→ TASK TO COMPLETE
Every line of the listing below from the one with "Stay Behind The" up to and including the one with "Green Zigzag Pattern" should be retyped exactly, and nothing else; pictures are not part of the copy.

→ INFORMATION
○ ○ ○

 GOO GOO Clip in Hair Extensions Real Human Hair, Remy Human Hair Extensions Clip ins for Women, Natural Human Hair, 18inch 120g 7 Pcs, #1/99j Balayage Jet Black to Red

○ ○ ○

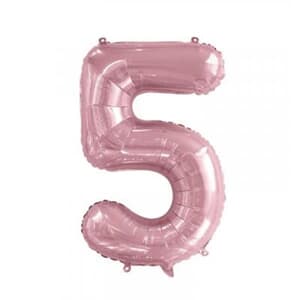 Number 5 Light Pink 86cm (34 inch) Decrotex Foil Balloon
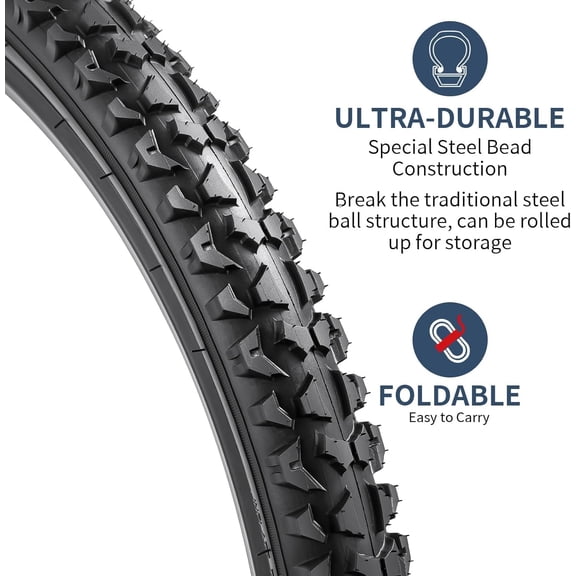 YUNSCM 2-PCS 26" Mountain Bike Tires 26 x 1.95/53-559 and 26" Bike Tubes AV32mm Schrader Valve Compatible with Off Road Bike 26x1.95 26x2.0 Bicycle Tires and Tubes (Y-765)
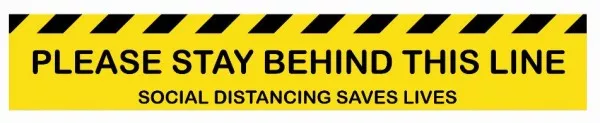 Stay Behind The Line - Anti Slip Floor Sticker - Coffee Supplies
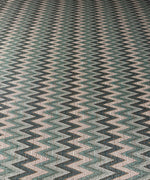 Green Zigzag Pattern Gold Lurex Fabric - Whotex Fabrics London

○ ○ ○

→ RESPONSE BOX
 Stay Behind The Line - Anti Slip Floor Sticker - Coffee Supplies
 Green Zigzag Pattern Gold Lurex Fabric - Whotex Fabrics London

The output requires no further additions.